And Where Does Lebanon Stand On Syria?

Lebanon's recent history has long been inextricably linked to its northern neighbor. In the face of Damascus' crackdown on a popular uprising, the current pro-Hezbollah government has been loathed to criticize the Syrian regime. But the

The Lebanon-Syria border (Paul Keller)
The Lebanon-Syria border (Paul Keller)
Laure Stephan

BEIRUT- Perched on the pedestal of the Martyrs' statue in central Beirut, a group of young men are waving Lebanese flags, and Syrian ones too. "Freedom, freedom!," they chant. "Lebanese people and Syrian people are one!" Soon after, they start shouting the names of the cities attacked the past few days by the Baathist regime's latest offensive.

The slogans and city names are chanted by a crowd of no more than 100 people who have come to show their support to Syrian people. The turnout may seem small, but it is the biggest demonstration in Beirut against violence in Syria since the beginning of the uprising against the regime of Bashar al-Assad in March.

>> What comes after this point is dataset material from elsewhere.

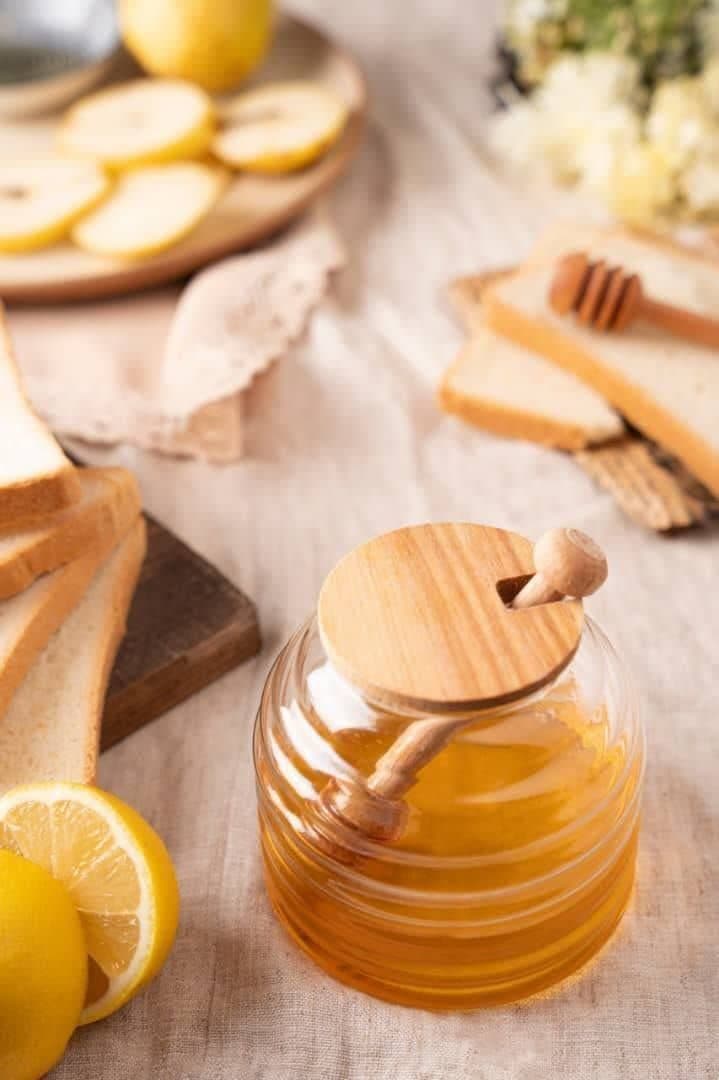 عسل خوری شیشه ای درب چوبی دنیز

"The atmosphere of fear, the weight of organized religions and fears of the Baathist regime had until now prevented the mobilization from growing," says the writer Elias Khoury with a rose in one hand and a candle in the other one. He is among a small group of Lebanese intellectuals who called on the nation to break the silence about repression in Syria "that has become a crime against Syrian people."

The small crowd controlled by a strict security operation was a reminder of how the previous demonstration of support ended up with fights between pro and anti Assad camps. It is also a reminder of how complicated the issue of Syria continues to be in Lebanon, its smaller neighbor to the southwest.

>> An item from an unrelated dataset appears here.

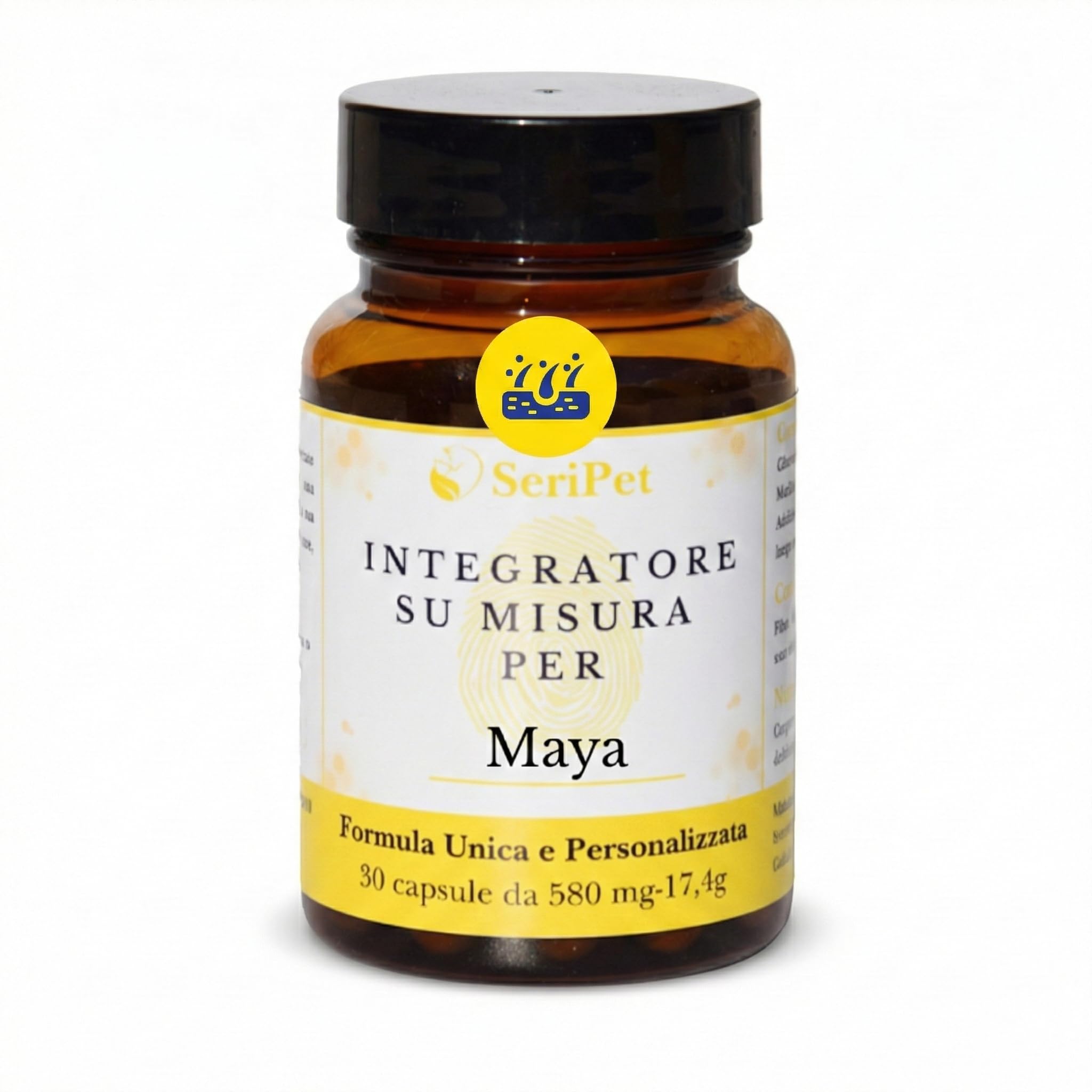 Integratore Dermatite e Perdita di Pelo Personalizzato per gatto con Prurito - Integratore per la cura della pelle e del pelo - Prodotto Naturale Made in Italy - 30 Capsule da 580gr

"Actions and Reactions in Lebanon as the Situation in Syria Dictates' was a recent front-page headline in Al-Balad, an Arabic-language daily. The title does well to sum up the situation in Lebanon, a country whose deep religious and political fractures inevitably seep back and forth across the Syrian border.

The issue came to the fore after last week's UN Security Council declaration condemning the regime's repression against demonstrators. Disassociating itself from the United Nations' text, Lebanon, a non-permanent member of the Security Council, chose to sit out the vote, sparking the opposition's criticism of the government in Beirut, which is dominated by a pro-Hezbollah faction with ties to Damascus. (All diplomatic eyes will be on Lebanon at the end of August when it takes over the rotating presidency of the UN Security Council.)

Saudi role

Lebanese Prime Minister Najib Miqati defended the government's position, saying it "won't interfere in Syria's domestic affairs." Miqati characterized violence in Syria as "sad," and asked political leaders to "stop using events occurring in Syria for political purposes."

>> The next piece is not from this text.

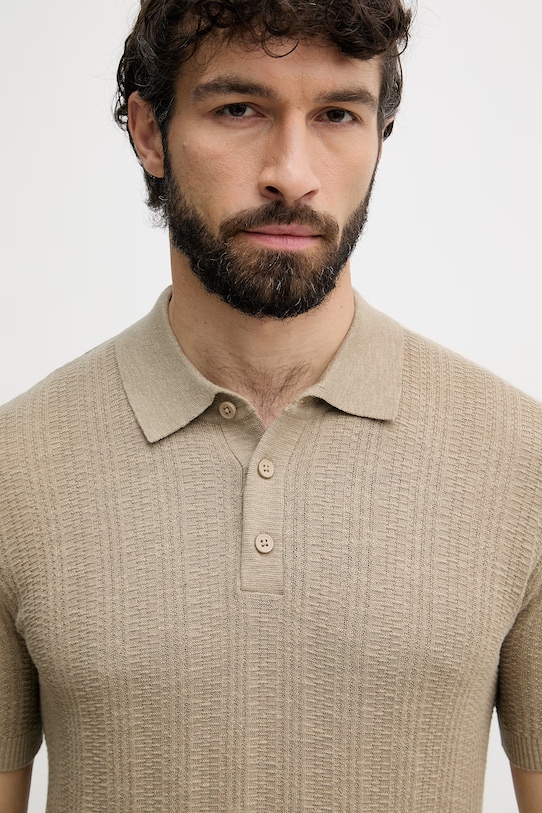 United Colors of Benetton úpletové polo tričko pánske s prímesou ľanu zelená 1DC3U301T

The comments were an implicit accusation of the party of former Lebanese Prime Minister Saad Hariri. A close ally of Saudi Arabia (a country that has recently denounced the regime's violence against the Syrian people), Hariri has strongly criticized the Lebanese government's views on the issue. "The government cannot hide the massacre going on inside its closest Arab neighbor," the former prime minister said in a statement.

Meanwhile, inside Lebanon, the divisions over Syria are visible everywhere. Depending on their allegiance, news outlets relay Damascus' version blaming "armed gangs' for the chaos, or back the demonstrators as a popular "uprising." The wider society in Lebanon is also split: while both personal sympathy towards Syrian people and the fear of seeing a civil war cross into Lebanon are shared by many, views on the situation still break down along religious or ideological lines.

Many Christians, who in 2005 were quick to denounce the Syrian occupation in Lebanon, fear that the situation in Damascus weakens Lebanon's overall standing in the Middle East. On the other hand, the Shiite community continues to see Hezbollah as its guarantor on the national scene, fearing the fall of the Syrian regime could isolate them in Lebanon.

A series of recent incidents such as a Syrian boat attack against Lebanese fishermen, the July 26 attack against French UNIFIL (United Nations Interim Force in Lebanon) troops, and tensions along the Israeli border reinforce the fear that Lebanon has a way of becoming the crossroads of all the Middle East's most intractable problems.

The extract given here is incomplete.